## [Caption-style text data]
----------
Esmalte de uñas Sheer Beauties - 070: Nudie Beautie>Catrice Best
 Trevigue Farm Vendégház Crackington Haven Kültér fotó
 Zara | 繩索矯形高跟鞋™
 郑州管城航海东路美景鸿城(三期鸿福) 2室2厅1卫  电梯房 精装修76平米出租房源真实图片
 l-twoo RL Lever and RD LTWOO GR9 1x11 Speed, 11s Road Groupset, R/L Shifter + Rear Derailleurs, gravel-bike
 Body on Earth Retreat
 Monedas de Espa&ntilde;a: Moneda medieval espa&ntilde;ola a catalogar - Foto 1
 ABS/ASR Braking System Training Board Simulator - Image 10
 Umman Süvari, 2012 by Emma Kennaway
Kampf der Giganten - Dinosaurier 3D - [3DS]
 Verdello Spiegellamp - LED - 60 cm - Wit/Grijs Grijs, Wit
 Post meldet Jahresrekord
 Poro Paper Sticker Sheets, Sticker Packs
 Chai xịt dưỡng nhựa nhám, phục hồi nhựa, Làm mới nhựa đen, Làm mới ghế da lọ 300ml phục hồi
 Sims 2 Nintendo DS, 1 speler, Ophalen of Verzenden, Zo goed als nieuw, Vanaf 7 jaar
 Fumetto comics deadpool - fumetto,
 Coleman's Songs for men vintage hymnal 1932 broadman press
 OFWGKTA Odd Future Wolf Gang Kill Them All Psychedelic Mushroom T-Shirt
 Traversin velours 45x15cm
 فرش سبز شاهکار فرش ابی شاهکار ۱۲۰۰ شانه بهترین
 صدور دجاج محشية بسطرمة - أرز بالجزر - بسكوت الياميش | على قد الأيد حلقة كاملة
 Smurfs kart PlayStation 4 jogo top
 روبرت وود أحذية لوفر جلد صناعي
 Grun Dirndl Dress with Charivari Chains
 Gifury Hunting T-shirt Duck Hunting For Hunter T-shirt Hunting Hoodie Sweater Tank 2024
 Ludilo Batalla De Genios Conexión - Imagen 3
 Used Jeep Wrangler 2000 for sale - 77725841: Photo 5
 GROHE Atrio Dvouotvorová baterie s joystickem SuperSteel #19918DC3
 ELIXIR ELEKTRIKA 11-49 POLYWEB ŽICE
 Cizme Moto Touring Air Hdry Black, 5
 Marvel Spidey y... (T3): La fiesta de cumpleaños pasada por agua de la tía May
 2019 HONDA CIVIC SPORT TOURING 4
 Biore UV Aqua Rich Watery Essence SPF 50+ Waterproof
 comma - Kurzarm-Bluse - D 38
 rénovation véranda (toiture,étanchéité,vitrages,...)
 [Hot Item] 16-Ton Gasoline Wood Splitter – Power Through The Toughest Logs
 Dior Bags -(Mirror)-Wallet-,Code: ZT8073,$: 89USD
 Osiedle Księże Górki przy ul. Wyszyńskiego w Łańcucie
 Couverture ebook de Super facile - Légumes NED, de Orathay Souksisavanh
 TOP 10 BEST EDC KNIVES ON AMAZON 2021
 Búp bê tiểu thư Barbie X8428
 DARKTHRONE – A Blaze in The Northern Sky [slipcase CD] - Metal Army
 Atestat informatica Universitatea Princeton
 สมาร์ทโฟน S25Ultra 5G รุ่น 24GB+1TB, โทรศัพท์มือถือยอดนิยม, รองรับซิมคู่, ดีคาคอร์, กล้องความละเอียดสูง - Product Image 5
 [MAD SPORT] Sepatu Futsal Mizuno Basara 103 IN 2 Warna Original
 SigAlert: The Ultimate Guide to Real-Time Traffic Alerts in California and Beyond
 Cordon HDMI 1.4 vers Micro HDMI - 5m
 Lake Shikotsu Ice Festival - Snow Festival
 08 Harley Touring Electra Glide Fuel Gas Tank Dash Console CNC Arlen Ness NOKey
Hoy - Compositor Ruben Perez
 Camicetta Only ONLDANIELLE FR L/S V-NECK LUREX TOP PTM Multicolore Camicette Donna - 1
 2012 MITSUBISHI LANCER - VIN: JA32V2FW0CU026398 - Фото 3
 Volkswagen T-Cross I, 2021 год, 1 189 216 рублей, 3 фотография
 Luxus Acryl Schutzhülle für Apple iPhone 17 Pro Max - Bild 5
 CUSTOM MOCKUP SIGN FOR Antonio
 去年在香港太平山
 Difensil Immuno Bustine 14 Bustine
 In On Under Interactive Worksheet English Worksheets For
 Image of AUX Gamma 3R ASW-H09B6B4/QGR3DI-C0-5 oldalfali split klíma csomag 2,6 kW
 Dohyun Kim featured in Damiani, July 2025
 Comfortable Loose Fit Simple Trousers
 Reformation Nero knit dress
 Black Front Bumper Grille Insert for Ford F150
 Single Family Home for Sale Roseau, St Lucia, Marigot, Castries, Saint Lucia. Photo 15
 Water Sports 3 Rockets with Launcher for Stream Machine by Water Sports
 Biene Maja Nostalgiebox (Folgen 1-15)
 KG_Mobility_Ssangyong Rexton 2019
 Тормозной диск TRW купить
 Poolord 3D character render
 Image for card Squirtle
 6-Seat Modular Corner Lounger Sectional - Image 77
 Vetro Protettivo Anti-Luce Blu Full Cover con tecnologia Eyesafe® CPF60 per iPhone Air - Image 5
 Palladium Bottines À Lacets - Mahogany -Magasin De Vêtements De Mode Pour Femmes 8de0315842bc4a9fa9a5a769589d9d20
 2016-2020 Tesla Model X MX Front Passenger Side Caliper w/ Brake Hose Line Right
----------
Give back, word for word, only the lines above from the line holding "Post meldet Jahresrekord" to the line holding "Used Jeep Wrangler", both included.

 Post meldet Jahresrekord
 Poro Paper Sticker Sheets, Sticker Packs
 Chai xịt dưỡng nhựa nhám, phục hồi nhựa, Làm mới nhựa đen, Làm mới ghế da lọ 300ml phục hồi
 Sims 2 Nintendo DS, 1 speler, Ophalen of Verzenden, Zo goed als nieuw, Vanaf 7 jaar
 Fumetto comics deadpool - fumetto,
 Coleman's Songs for men vintage hymnal 1932 broadman press
 OFWGKTA Odd Future Wolf Gang Kill Them All Psychedelic Mushroom T-Shirt
 Traversin velours 45x15cm
 فرش سبز شاهکار فرش ابی شاهکار ۱۲۰۰ شانه بهترین
 صدور دجاج محشية بسطرمة - أرز بالجزر - بسكوت الياميش | على قد الأيد حلقة كاملة
 Smurfs kart PlayStation 4 jogo top
 روبرت وود أحذية لوفر جلد صناعي
 Grun Dirndl Dress with Charivari Chains
 Gifury Hunting T-shirt Duck Hunting For Hunter T-shirt Hunting Hoodie Sweater Tank 2024
 Ludilo Batalla De Genios Conexión - Imagen 3
 Used Jeep Wrangler 2000 for sale - 77725841: Photo 5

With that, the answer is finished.